Data:
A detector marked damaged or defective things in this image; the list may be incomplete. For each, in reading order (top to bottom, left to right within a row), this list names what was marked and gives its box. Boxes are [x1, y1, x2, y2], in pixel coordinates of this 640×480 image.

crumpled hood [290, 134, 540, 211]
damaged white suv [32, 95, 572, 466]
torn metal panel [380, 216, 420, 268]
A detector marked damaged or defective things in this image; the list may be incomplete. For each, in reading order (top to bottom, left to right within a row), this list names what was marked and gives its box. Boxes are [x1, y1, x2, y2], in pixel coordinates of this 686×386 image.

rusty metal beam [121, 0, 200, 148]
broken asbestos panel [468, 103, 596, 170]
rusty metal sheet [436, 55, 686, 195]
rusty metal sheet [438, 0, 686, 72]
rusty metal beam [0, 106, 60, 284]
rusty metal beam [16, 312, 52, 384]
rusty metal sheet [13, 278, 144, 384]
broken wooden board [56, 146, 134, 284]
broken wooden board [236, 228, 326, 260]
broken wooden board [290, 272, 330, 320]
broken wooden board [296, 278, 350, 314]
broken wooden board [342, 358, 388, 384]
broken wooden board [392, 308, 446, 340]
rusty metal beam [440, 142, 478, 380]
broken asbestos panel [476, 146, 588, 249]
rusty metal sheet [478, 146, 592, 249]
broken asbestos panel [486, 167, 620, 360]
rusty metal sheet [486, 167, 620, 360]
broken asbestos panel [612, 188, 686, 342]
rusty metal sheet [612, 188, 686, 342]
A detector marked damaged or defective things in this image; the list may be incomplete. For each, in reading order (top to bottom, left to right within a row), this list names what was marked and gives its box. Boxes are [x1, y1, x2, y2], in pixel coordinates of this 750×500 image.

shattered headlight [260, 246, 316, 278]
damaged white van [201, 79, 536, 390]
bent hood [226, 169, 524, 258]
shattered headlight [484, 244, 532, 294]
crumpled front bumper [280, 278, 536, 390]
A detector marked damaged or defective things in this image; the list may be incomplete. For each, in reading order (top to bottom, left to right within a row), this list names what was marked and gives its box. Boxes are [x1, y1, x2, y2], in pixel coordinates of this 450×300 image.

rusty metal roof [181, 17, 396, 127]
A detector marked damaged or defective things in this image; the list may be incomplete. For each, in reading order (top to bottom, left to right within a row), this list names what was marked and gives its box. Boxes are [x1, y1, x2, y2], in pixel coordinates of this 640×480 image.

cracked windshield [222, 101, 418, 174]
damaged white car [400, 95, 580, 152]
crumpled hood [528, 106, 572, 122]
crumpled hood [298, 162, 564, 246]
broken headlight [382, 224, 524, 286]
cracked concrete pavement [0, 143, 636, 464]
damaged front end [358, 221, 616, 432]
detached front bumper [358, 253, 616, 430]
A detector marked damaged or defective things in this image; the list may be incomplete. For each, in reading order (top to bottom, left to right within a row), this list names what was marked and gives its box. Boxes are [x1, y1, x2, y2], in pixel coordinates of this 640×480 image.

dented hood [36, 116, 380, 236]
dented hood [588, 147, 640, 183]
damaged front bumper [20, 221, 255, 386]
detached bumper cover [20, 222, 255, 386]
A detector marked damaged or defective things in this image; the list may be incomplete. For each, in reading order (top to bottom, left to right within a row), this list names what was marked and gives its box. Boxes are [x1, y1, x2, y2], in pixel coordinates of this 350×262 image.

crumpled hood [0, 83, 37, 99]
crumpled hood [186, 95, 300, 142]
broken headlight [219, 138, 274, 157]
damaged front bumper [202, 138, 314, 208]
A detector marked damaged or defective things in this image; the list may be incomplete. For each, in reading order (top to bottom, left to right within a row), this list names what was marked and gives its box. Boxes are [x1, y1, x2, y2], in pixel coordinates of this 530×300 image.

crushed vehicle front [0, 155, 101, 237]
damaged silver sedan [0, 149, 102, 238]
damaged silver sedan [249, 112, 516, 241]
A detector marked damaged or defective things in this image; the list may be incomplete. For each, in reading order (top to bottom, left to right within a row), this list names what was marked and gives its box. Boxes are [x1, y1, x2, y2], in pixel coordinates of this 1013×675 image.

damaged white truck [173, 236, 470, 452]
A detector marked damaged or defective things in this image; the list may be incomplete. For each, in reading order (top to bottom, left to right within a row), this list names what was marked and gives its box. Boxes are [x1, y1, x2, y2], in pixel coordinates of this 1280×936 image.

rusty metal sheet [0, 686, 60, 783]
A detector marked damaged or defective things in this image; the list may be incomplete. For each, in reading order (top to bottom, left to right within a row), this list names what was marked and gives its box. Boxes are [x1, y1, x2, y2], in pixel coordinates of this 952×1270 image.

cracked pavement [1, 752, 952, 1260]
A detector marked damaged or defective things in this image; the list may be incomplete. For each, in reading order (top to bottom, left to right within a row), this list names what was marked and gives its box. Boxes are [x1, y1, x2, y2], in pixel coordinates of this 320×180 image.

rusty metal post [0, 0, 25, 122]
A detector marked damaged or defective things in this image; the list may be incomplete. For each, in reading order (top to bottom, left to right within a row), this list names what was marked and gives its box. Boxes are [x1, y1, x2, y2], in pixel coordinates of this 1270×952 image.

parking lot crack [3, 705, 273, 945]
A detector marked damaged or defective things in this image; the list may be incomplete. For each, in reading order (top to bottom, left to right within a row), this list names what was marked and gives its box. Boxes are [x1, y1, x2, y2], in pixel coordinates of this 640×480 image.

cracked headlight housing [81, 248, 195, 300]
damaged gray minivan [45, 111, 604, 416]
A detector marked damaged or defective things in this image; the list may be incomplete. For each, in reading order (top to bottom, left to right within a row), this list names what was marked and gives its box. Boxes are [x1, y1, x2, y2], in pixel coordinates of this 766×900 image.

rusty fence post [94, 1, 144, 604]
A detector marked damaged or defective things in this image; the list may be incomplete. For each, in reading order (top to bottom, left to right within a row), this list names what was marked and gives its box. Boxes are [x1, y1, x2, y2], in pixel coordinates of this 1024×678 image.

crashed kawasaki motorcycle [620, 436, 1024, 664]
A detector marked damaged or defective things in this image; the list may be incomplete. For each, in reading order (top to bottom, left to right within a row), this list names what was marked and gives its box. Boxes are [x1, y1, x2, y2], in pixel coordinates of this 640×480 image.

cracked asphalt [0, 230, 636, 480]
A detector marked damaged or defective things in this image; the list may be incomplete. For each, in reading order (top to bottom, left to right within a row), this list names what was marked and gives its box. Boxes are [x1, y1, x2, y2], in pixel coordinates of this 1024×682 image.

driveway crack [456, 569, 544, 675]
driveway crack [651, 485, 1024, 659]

Task objective: Top to bottom, transcribe every line above exactly.

Completed task:
A detector marked damaged or defective things in this image; the list may be incomplete. For each, in reading order (top to bottom, left to right within a row), this list names what was marked and gives its box. Boxes are [x1, y1, x2, y2], in pixel coordinates of this 640×480 image.

crumpled hood [290, 134, 540, 211]
damaged white suv [32, 95, 572, 466]
torn metal panel [380, 216, 420, 268]
A detector marked damaged or defective things in this image; the list may be incomplete. For each, in reading order (top to bottom, left to right within a row), this list names what was marked and gives its box. Boxes are [x1, y1, x2, y2], in pixel coordinates of this 686×386 image.

rusty metal beam [121, 0, 200, 148]
broken asbestos panel [468, 103, 596, 170]
rusty metal sheet [436, 55, 686, 195]
rusty metal sheet [438, 0, 686, 72]
rusty metal beam [0, 106, 60, 284]
rusty metal beam [16, 312, 52, 384]
rusty metal sheet [13, 278, 144, 384]
broken wooden board [56, 146, 134, 284]
broken wooden board [236, 228, 326, 260]
broken wooden board [290, 272, 330, 320]
broken wooden board [296, 278, 350, 314]
broken wooden board [342, 358, 388, 384]
broken wooden board [392, 308, 446, 340]
rusty metal beam [440, 142, 478, 380]
broken asbestos panel [476, 146, 588, 249]
rusty metal sheet [478, 146, 592, 249]
broken asbestos panel [486, 167, 620, 360]
rusty metal sheet [486, 167, 620, 360]
broken asbestos panel [612, 188, 686, 342]
rusty metal sheet [612, 188, 686, 342]
A detector marked damaged or defective things in this image; the list may be incomplete. For each, in reading order (top to bottom, left to right within a row), this list names what was marked and gives its box. Boxes are [x1, y1, x2, y2], in pixel coordinates of this 750×500 image.

shattered headlight [260, 246, 316, 278]
damaged white van [201, 79, 536, 390]
bent hood [226, 169, 524, 258]
shattered headlight [484, 244, 532, 294]
crumpled front bumper [280, 278, 536, 390]
A detector marked damaged or defective things in this image; the list may be incomplete. For each, in reading order (top to bottom, left to right within a row), this list names what was marked and gives its box. Boxes are [x1, y1, x2, y2], in pixel coordinates of this 450×300 image.

rusty metal roof [181, 17, 396, 127]
A detector marked damaged or defective things in this image; the list may be incomplete. For each, in reading order (top to bottom, left to right within a row), this list names what was marked and gives its box. Boxes are [x1, y1, x2, y2], in pixel coordinates of this 640×480 image.

cracked windshield [222, 101, 418, 174]
damaged white car [400, 95, 580, 152]
crumpled hood [528, 106, 572, 122]
crumpled hood [298, 162, 564, 246]
broken headlight [382, 224, 524, 286]
cracked concrete pavement [0, 143, 636, 464]
damaged front end [358, 221, 616, 432]
detached front bumper [358, 253, 616, 430]
A detector marked damaged or defective things in this image; the list may be incomplete. For each, in reading order (top to bottom, left to right within a row), this list names what was marked and gives its box. Boxes are [x1, y1, x2, y2], in pixel coordinates of this 640×480 image.

dented hood [36, 116, 380, 236]
dented hood [588, 147, 640, 183]
damaged front bumper [20, 221, 255, 386]
detached bumper cover [20, 222, 255, 386]
A detector marked damaged or defective things in this image; the list may be incomplete. For each, in reading order (top to bottom, left to right within a row), this list names what was marked and gives its box. Boxes are [x1, y1, x2, y2], in pixel coordinates of this 350×262 image.

crumpled hood [0, 83, 37, 99]
crumpled hood [186, 95, 300, 142]
broken headlight [219, 138, 274, 157]
damaged front bumper [202, 138, 314, 208]
A detector marked damaged or defective things in this image; the list may be incomplete. For each, in reading order (top to bottom, left to right within a row), this list names what was marked and gives its box. Boxes are [x1, y1, x2, y2], in pixel coordinates of this 530×300 image.

crushed vehicle front [0, 155, 101, 237]
damaged silver sedan [0, 149, 102, 238]
damaged silver sedan [249, 112, 516, 241]
A detector marked damaged or defective things in this image; the list may be incomplete. For each, in reading order (top to bottom, left to right within a row), this list names what was marked and gives its box. Boxes are [x1, y1, x2, y2], in pixel coordinates of this 1013×675 image.

damaged white truck [173, 236, 470, 452]
A detector marked damaged or defective things in this image; the list may be incomplete. For each, in reading order (top to bottom, left to right within a row), this list names what was marked and gives its box. Boxes are [x1, y1, x2, y2], in pixel coordinates of this 1280×936 image.

rusty metal sheet [0, 686, 60, 783]
A detector marked damaged or defective things in this image; the list may be incomplete. For each, in reading order (top to bottom, left to right within a row), this list names what was marked and gives its box. Boxes are [x1, y1, x2, y2], in pixel coordinates of this 952×1270 image.

cracked pavement [1, 752, 952, 1260]
A detector marked damaged or defective things in this image; the list may be incomplete. For each, in reading order (top to bottom, left to right within a row), this list names what was marked and gives its box. Boxes are [x1, y1, x2, y2], in pixel coordinates of this 320×180 image.

rusty metal post [0, 0, 25, 122]
A detector marked damaged or defective things in this image; the list may be incomplete. For each, in reading order (top to bottom, left to right within a row), this list names what was marked and gives its box. Boxes are [x1, y1, x2, y2], in pixel coordinates of this 1270×952 image.

parking lot crack [3, 705, 273, 945]
A detector marked damaged or defective things in this image; the list may be incomplete. For each, in reading order (top to bottom, left to right within a row), this list names what was marked and gives its box. Boxes are [x1, y1, x2, y2], in pixel coordinates of this 640×480 image.

cracked headlight housing [81, 248, 195, 300]
damaged gray minivan [45, 111, 604, 416]
A detector marked damaged or defective things in this image; the list may be incomplete. For each, in reading order (top to bottom, left to right within a row), this list names what was marked and gives its box. Boxes are [x1, y1, x2, y2], in pixel coordinates of this 766×900 image.

rusty fence post [94, 1, 144, 604]
A detector marked damaged or defective things in this image; the list may be incomplete. For each, in reading order (top to bottom, left to right within a row), this list names what was marked and gives its box. Boxes are [x1, y1, x2, y2], in pixel coordinates of this 1024×678 image.

crashed kawasaki motorcycle [620, 436, 1024, 664]
A detector marked damaged or defective things in this image; the list may be incomplete. For each, in reading order (top to bottom, left to right within a row), this list names what was marked and gives its box. Boxes are [x1, y1, x2, y2], in pixel coordinates of this 640×480 image.

cracked asphalt [0, 230, 636, 480]
A detector marked damaged or defective things in this image; the list may be incomplete. For each, in reading order (top to bottom, left to right within a row), this list names what was marked and gives its box. Boxes are [x1, y1, x2, y2], in pixel coordinates of this 1024×682 image.

driveway crack [456, 569, 544, 675]
driveway crack [651, 485, 1024, 659]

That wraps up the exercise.